Graham Stringer: I am grateful to the right hon. Gentleman for being generous with his time. London is my capital city, and he is absolutely right that it has technology and transport attractions that nowhere else in the United Kingdom has. However, London and the golden triangle get a disproportionate amount of scientific funding—not the universities—that could just as easily go into the regions and probably have a greater benefit. The Diamond Light Source was moved from Daresbury in the north-west to Oxford. The Francis Crick Institute, which the right hon. Gentleman mentioned, could just as easily have been placed in Manchester, Sheffield or Newcastle.
Mark Field: The hon. Gentleman makes a point that I am not sure I can necessarily answer. Given his criticisms of Oxford, he might get a kick from directly to his right, from the right hon. Member for Oxford East (Mr Smith).
Amid the great strides in technology and science, London is also an important centre for leading global research in the social sciences sphere, with the London School of Economics at the forefront. The sheer quality of research undertaken by the LSE is regularly attested by peers to be world leading. In the recent research excellence framework, the LSE was ranked as the top institution in the UK for its proportion of four-star, world-leading research.
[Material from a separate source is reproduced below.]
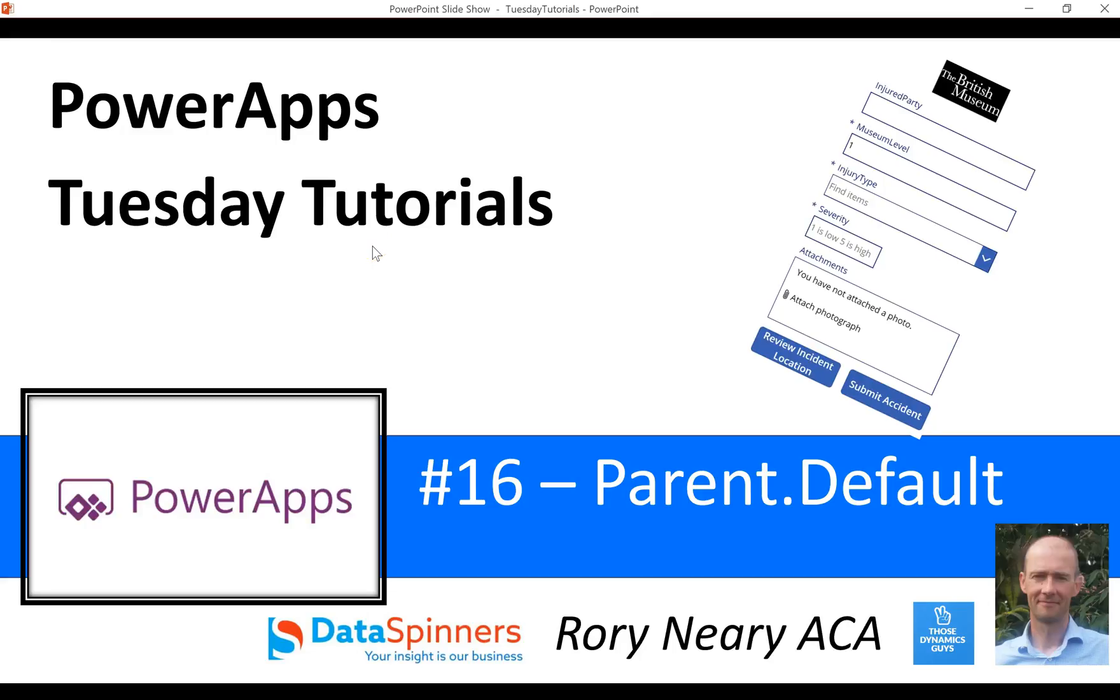Hi everyone, Rory from Data Spinners here today and we're on to number 16 of the Tutu Tuesday tutorials. We're going to have a look at parent.default which is something that comes up all the time if you're doing forms and it can be a little bit confusing.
All that means that the LSE and the nation have extensive global reach, in particular within the public policy and governance sphere, to institutions such as the United Nations, the World Bank, the OECD and World Health Organisation. In the social sciences, however, it is harder to commercialise that work. Without mainly public funding, the LSE could not undertake the high-quality research that underpins its impact and provides the UK with considerable soft power globally.
In the aftermath of the 2008 financial crash, there was much feverish gossip about the pressing need to rebalance the economy away from an over-reliance on banking and finance. That task has been successfully undertaken here in the capital city, with the creative, tech, research and education sectors drawn together in what I regard as a virtuous circle, which in some cases has helped to spur physical regeneration. I touched on King’s Cross, a classic example of that—the Olympic site will be another. That has served only to entrench the dominance of the capital in the wider UK economy and has not addressed that rather more elusive rebalancing act: boosting the regions and other nations of the UK. As a London MP, I recognise that that is important—not least because of the ever-louder klaxon call of hostility towards London, something worrying for the rest of the UK.
The real challenge is how the rest of the UK’s universities, innovators and start-ups compete with the London and Oxbridge research powerhouse, and I look forward to hearing the views of other Members on that. One fifth of Government research funding is now claimed by our top three universities—that golden triangle—and the capital city has more than 100,000 square metres of new research facilities in the pipeline. Furthermore, the south-east and east of England and London account for some 52% of the research and development carried out in the UK.
If the Chancellor’s northern powerhouse and the broader devolution agenda are to work, he should examine how London’s universities have not just integrated academic excellence into the heart of this global city but provided a compelling educational offering to the world through the relentless building of links with the worlds of industry, commerce, Government and finance.